--- START ---

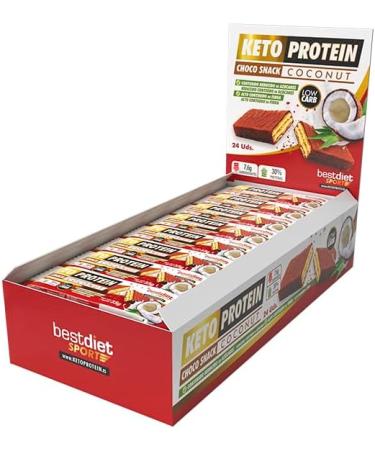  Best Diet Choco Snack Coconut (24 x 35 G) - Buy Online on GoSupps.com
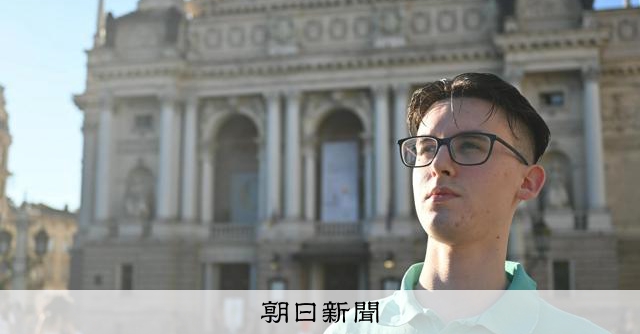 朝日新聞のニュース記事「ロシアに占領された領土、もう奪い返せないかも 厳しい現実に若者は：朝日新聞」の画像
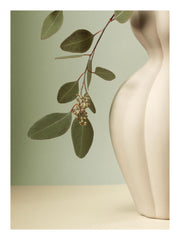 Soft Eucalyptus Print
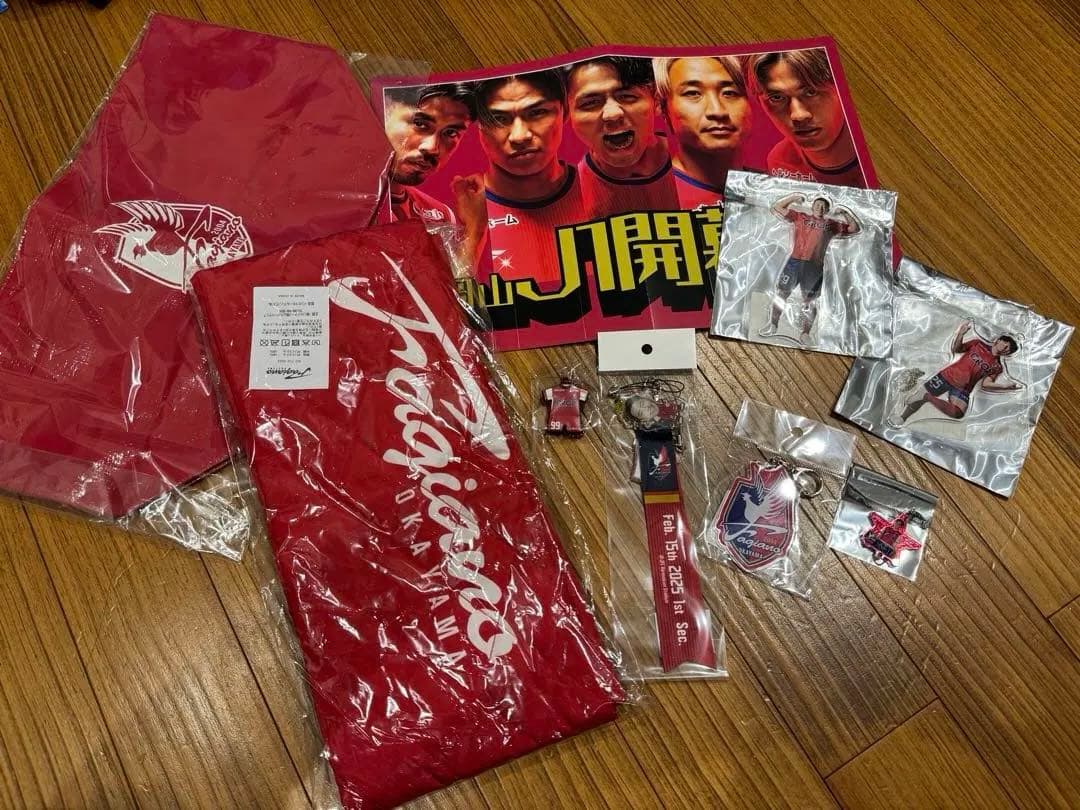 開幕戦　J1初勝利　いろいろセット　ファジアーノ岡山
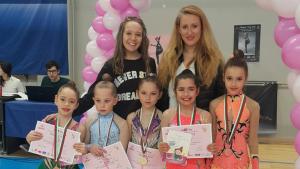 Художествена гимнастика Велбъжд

--- END ---
--- START ---

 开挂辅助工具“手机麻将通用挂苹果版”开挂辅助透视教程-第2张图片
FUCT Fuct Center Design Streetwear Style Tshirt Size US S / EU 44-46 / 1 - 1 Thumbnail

--- END ---

Task statement:
Go down the entries above from the line containing "Soft Eucalyptus Print" to the line containing "Художествена гимнастика Велбъжд" and write out each line exactly, leaving pictures out.

Reply to the exercise:
 Soft Eucalyptus Print
 開幕戦　J1初勝利　いろいろセット　ファジアーノ岡山
 Художествена гимнастика Велбъжд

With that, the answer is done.